Supprimer complètement le sel peut nuire aux personnes qui s'entraînent
Des décennies de messages de santé publique contre le sel ont surtout visé les personnes sédentaires mangeant trop d'aliments transformés, où le sodium dépasse effectivement souvent des niveaux raisonnables. Mais pour les personnes qui s'entraînent activement, surtout par forte chaleur ou lors de longues séances avec transpiration abondante, le tableau est différent : le sodium est un électrolyte clé perdu par la transpiration, et un déficit peut provoquer crampes, vertiges et baisse de performance bien avant l'apparition d'une déshydratation classique.
Restreindre complètement ou excessivement le sel chez une personne activement entraînée peut perturber l'équilibre hydrique : le sodium aide à retenir l'eau dans le sang et les cellules, et un manque combiné à une forte transpiration peut mener à un état proche du sang dilué (hyponatrémie), surtout si la personne compense en plus la perte de liquide avec beaucoup d'eau pure sans électrolytes.

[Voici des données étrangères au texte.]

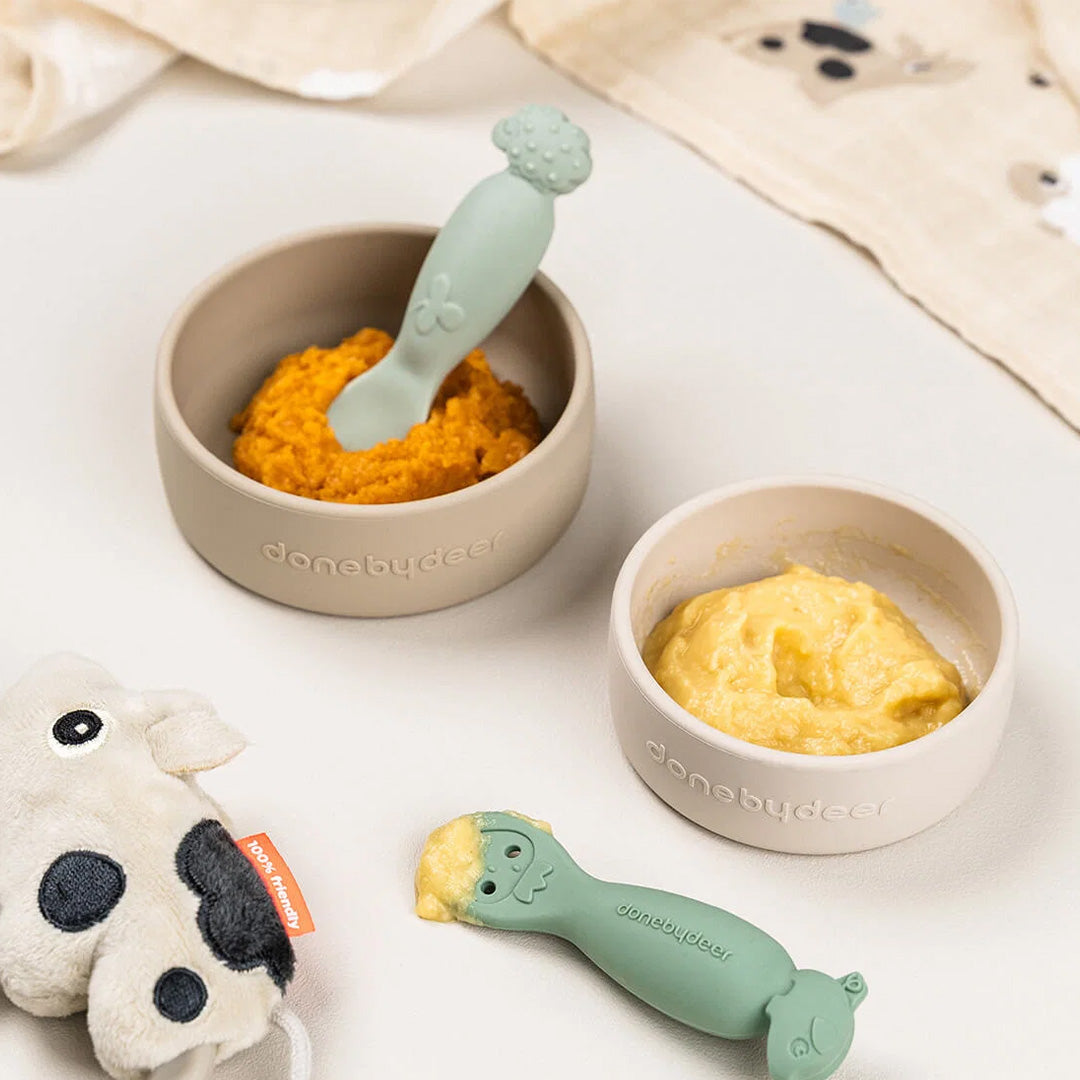 Twee Done by Deer kinderkommen met gepureerd eten en twee groene siliconen lepels.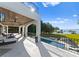 View of luxurious outdoor living space featuring a swimming pool, covered patio, and lake views at 16439 Jetton Rd, Cornelius, NC 28031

Cela ne veut pas dire qu'il faut saler sans limite — pour la plupart des personnes modérément actives, un apport en sel ordinaire dans une alimentation équilibrée suffit. Mais quiconque s'entraîne intensément et longtemps régulièrement, surtout sous climat chaud, a de bonnes raisons de ne pas craindre le sodium, et pourrait raisonnablement inclure des boissons électrolytiques ou des aliments légèrement salés les jours de transpiration particulièrement abondante, plutôt que de suivre les recommandations générales pauvres en sel conçues pour un mode de vie sédentaire.